Nanomaterial Technologies Primed to Make a Mega Impact

While the word "nanomaterials" may suggest an idea of something very small, the potential they have is tremendous. NASA has developed a portfolio of nanomaterial technologies that push the boundaries of their strength, thermal resistance, chemical resistance, and structural longevity. The following are a few examples of technologies in this area that are ready to be licensed.

(Left) A tube of NASA's Carbon Fiber-Carbon Nanotube Yarn Hybrid Braided Reinforcement; (Right) NASA's braider used to manufacture the reinforcement.

Carbon Fiber-Carbon Nanotube Yarn Hybrid Reinforcement

Historically, polymer matrix composites (PMCs) have provided insufficient toughness for some aerospace structures. Innovators at NASA's Glenn Research Center have developed a toughened hybrid reinforcement material that improves PMCs' toughness and damping properties, enhancing impact resistance, fatigue life, and structural longevity. The new material is made from carbon fiber and carbon nanotube (CNT) yarn. This new material could be utilized in aircraft components, PMC auto parts, prosthetics, high-pressure gas storage vessels, wind turbine blades, and drone components.
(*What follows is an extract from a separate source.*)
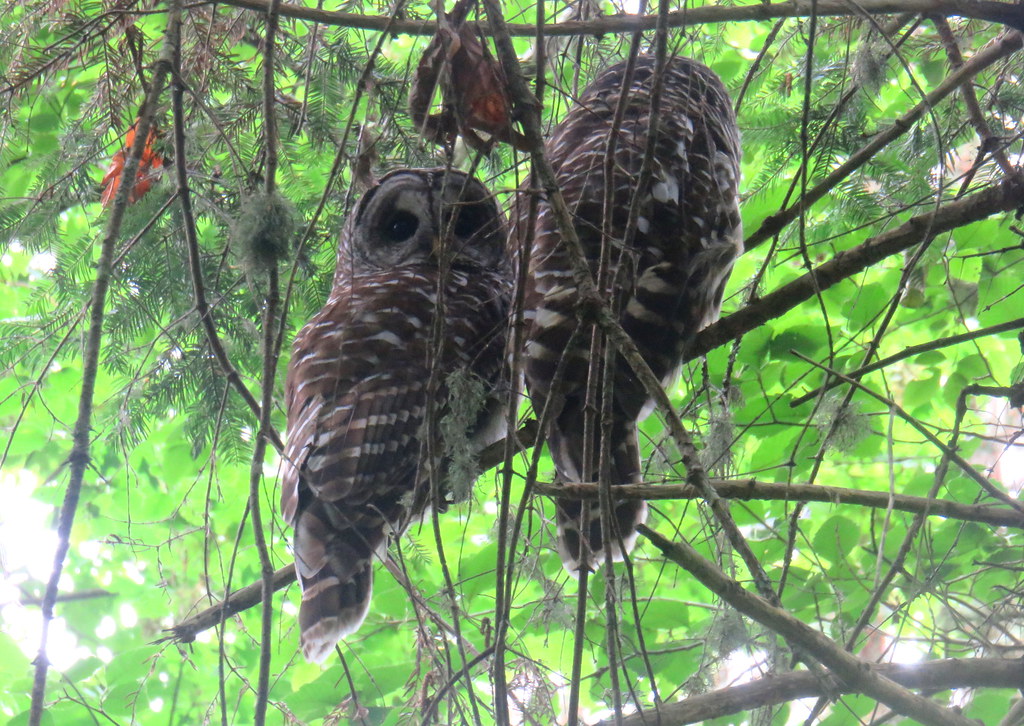 Owls taken in Mack Laing Nature Park in Comox.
Soft Magnetic Composite Capable of Operating at Temperatures 200°C Higher

Present state-of-the-art soft magnetic nanocomposites have an upper-temperature limit of 150°C before core loss occurs. Innovators at NASA's Glenn Research Center have increased the operating temperature range to 400°C with minimal increase in core loss by adjusting the composition and fabrication. This development expands the application of soft magnetic material by reducing the need for cooling and enabling efficient power electronics that are smaller and lighter. Among other applications, this invention could help power electronics for electrified aircraft systems.

military vehicles
Building materials for armored vehicles are just one application for the nanoparticle-containing thermoplastic composite laminates.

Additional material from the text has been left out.